オリックス、高齢ドライバーの事故リスクを見守る「あんしん運転 Ever Drive」始動


自動車IoT=テレマティクス技術を活用し運転行動をリアルタイムで家族に共有

オリックス自動車株式会社(本社:東京都港区、社長:亀井 克信)は、2017年2月1日より、高齢ドライバーの親を持つ子世代向けに、テレマティクス技術を活用した事故リスクを低減する見守りサービス「あんしん運転 Ever Drive」の提供を開始した。

高齢者の運転免許保有者数や、高齢者の自動車運転事故が年々増加傾向にある中、自分の親が被害者にも加害者にもなり得る不安を多くの家族が抱えるようになっている。

高齢者に免許返納を促す動きも生まれている一方、車は高齢者にとって移動手段であると同時に生きがいでもあり、簡単に手放せるものではないという一面もある。

しかし高齢ドライバーである親には「子どもに心配をかけたくない」という思いもあり、子どもには「親の運転が心配」といった不安がある。このようなジレンマを解消するサービスとして同社は「あんしん運転 Ever Drive」の提供を開始する。

ちなみにこのサービスは、見守りたいドライバーの車に専用車載機を搭載し、速度超過や急加速・急減速などの運転挙動をリアルタイムで家族に共有するというもの。

日々の運転状況が通知されるのみならず、危険三挙動(※1)や長時間運転が発生した際には即座に家族へメールで通知することから、ドライバーは安全運転を心がけるようになると云う。

また、蓄積された運転履歴により、運転挙動や運転時間の推移を日別・月別で比較することで、認知症などによる行動変化にも気づきやすくなる。

さらに、運転履歴を表示する地図上に危険挙動発生箇所をマッピングする機能もあり、日頃走行するエリア内での危険箇所を認識することもできる。

これらを活用することにより、高齢ドライバーと家族が一緒になって、適正な運転行動を考える機会の創出につながるものと同社は考えているようだ。

なおこのほか、運転者サポートサービスとして、契約時の簡易認知機能チェックテストや、24時間対応の電話による健康相談、運転緊急時の駆けつけサポートも付帯している。

ちなみにこのサービス提供の大元は、同社が2006年から開始した法人向けテレマティクスサービス「e-テレマ」が出発点だ。

この「e-テレマ」は既に全国2,000社の企業に採用され、契約台数は13万7,000台に育った(※2)。
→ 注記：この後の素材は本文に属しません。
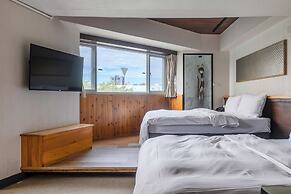CHECK inn Express Taichung Feng Chia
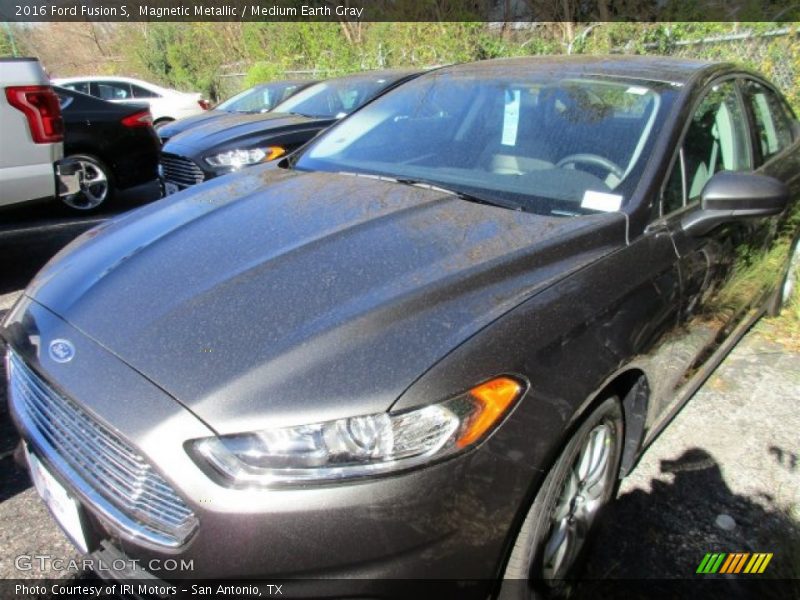 Magnetic Metallic / Medium Earth Gray 2016 Ford Fusion S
導入済み企業では、事故の因子とされる危険挙動が1年で導入前の平均約65%、2年で平均約80%削減されるなど、高い効果が実証されていると云う(※3)。

そして今回、企業が使う車の安全を守り続けてきた経験とノウハウを生かし、これを個人向けテレマティクスサービスとして提供を開始した。

今日、高齢者(65歳以上)の運転免許保有者数の推移は、年々増加の一途をたどり2015年は約1,600万人となった。

その中で年齢層別免許保有者10万人当たりの死亡事故件数は、75歳以上で10.5人と、他の年齢層と比べて最も多い。一方、30代から50代の子世代を対象とした意識調査によると、親が生活するうえで車が「必需品」との回答者は76.3%に上る。

そこで同社では、今後NPO法人「高齢者安全運転支援研究会」などの関連団体と協力しながら、認知機能低下に関する予兆発見確度の向上や、高齢ドライバー向けサポートサービスの構築を進めていく構え。

将来的には、法人向けサービスで蓄積された「運転行動ビッグデータ」も含めてAIによるデータ解析や大学との共同研究などを行い、世代やエリアごとのドライバー運転リスク判断技術の開発を進めていきたいと述べている。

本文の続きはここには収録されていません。